Infinite Conflict
- Publishers: Gemini Systems, Inc.
- Genres: play-by-mail
- Languages: English
- Playing time: Fixed
- Materials required: Instructions, order sheets, turn results, paper, pencil
- Media type: Play-by-mail or email

= Infinite Conflict =

Play-by-mail game

Infinite Conflict is a play-by-mail game that was published by Gemini Systems.

==Gameplay==
Infinite Conflict is a space-based play-by-mail game that was published by Gemini Systems, Inc. of Miami, FL. It was human-moderated and open-ended with Easy–Medium difficulty.

Players explored the Quadrant to defeat their adversaries. Players role-played one of seven species (e.g., human, insect) and navigated fleets of up to twelve types of ships on a simple map. The basic combat system limited options while fighting.

In 1987, the publisher began an annual award for the Greatest Empire of Infinite Conflict.
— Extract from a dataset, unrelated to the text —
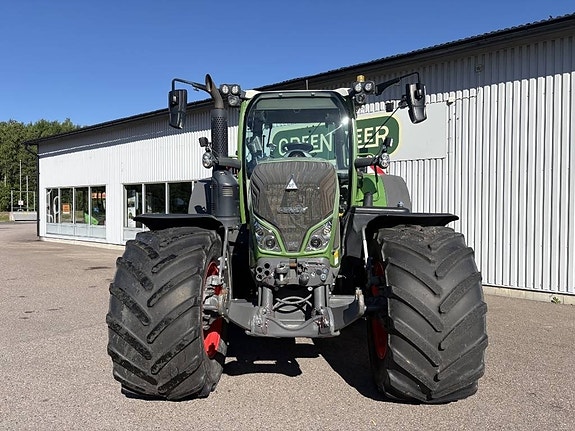 Fendt 724 Profi Plus 3 of 10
Criteria included production, amount of colonies, "growth rate, new discoveries, fulfilled quests, and many others".

==Reception and commentary==
Jim Gould reviewed Infinite Conflict in The Space Gamer No. 76. Gould commented that "If you are tired of long turnaround time and want a good, simple shoot-'em-up space game, Infinite Conflict may well be your cup of tea. If you're more frugal or patient, or if you like knowing everything about a game before playing it, you shouldn't touch it."

A reviewer in a 1984 issue of Gaming Universal rated the game at two of five stars, or "mediocre". He stated that it had "average action and occasional atmosphere", while its theme was similar to many contemporary space-based games. Game minuses included multiple requirements and limitations of species. Gamemaster narration was a plus.

In the September–October 1986 issue of Paper Mayhem, Infinite Conflict tied for 7th through 9th place in its Best PBM Games of 1986 list along with Galaxy: Alpha and Quest of the Great Jewels. Its publisher, Gemini Systems Inc. tied for 7th through 11th place in the Best PBM Company of 1986 list with Adventure Systems, Game Systems Inc, Graaf Simulations, and World Campaigns. Gemini Systems Inc gamemaster Roger Hart also tied for 7th through 11th place in the Best GM of 1986 list.

The July–August 1987 issue of Paper Mayhem included a fiction story about a starfighter pilot from the game's Kysuurian Empire.